** Dataset extract follows **

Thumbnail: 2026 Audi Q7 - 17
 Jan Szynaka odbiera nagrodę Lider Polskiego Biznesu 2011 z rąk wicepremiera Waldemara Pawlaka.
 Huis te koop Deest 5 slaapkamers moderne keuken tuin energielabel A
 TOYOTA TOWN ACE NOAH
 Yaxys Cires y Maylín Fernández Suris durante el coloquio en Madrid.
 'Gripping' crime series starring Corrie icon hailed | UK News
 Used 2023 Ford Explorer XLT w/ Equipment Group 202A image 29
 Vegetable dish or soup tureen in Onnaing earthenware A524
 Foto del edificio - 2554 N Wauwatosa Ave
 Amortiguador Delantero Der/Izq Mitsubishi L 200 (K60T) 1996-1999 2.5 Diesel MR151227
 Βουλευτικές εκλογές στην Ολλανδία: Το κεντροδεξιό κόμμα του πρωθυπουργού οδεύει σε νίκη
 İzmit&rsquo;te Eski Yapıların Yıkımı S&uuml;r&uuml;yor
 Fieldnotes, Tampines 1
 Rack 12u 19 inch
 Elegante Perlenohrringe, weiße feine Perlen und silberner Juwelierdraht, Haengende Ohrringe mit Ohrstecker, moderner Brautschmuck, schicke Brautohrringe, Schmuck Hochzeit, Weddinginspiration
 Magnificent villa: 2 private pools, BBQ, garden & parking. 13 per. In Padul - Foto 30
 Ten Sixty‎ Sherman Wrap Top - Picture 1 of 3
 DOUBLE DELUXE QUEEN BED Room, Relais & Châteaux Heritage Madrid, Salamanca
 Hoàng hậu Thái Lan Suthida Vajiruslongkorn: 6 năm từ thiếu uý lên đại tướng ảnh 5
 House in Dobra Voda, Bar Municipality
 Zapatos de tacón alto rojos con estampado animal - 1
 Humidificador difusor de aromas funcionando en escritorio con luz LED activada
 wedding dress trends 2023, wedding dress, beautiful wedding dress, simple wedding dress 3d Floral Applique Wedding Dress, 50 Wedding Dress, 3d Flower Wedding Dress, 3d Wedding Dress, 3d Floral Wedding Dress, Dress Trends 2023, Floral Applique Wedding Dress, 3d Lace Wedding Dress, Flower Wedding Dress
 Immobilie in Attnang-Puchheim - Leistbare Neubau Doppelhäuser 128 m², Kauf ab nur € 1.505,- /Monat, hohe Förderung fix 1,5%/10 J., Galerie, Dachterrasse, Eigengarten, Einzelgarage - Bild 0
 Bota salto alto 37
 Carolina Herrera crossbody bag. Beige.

** End of Dataset extract **

Nothing but the lines from the first line of the data through the line with "Humidificador difusor de" should be returned, exactly as they appear, both ends included.

Thumbnail: 2026 Audi Q7 - 17
 Jan Szynaka odbiera nagrodę Lider Polskiego Biznesu 2011 z rąk wicepremiera Waldemara Pawlaka.
 Huis te koop Deest 5 slaapkamers moderne keuken tuin energielabel A
 TOYOTA TOWN ACE NOAH
 Yaxys Cires y Maylín Fernández Suris durante el coloquio en Madrid.
 'Gripping' crime series starring Corrie icon hailed | UK News
 Used 2023 Ford Explorer XLT w/ Equipment Group 202A image 29
 Vegetable dish or soup tureen in Onnaing earthenware A524
 Foto del edificio - 2554 N Wauwatosa Ave
 Amortiguador Delantero Der/Izq Mitsubishi L 200 (K60T) 1996-1999 2.5 Diesel MR151227
 Βουλευτικές εκλογές στην Ολλανδία: Το κεντροδεξιό κόμμα του πρωθυπουργού οδεύει σε νίκη
 İzmit&rsquo;te Eski Yapıların Yıkımı S&uuml;r&uuml;yor
 Fieldnotes, Tampines 1
 Rack 12u 19 inch
 Elegante Perlenohrringe, weiße feine Perlen und silberner Juwelierdraht, Haengende Ohrringe mit Ohrstecker, moderner Brautschmuck, schicke Brautohrringe, Schmuck Hochzeit, Weddinginspiration
 Magnificent villa: 2 private pools, BBQ, garden & parking. 13 per. In Padul - Foto 30
 Ten Sixty‎ Sherman Wrap Top - Picture 1 of 3
 DOUBLE DELUXE QUEEN BED Room, Relais & Châteaux Heritage Madrid, Salamanca
 Hoàng hậu Thái Lan Suthida Vajiruslongkorn: 6 năm từ thiếu uý lên đại tướng ảnh 5
 House in Dobra Voda, Bar Municipality
 Zapatos de tacón alto rojos con estampado animal - 1
 Humidificador difusor de aromas funcionando en escritorio con luz LED activada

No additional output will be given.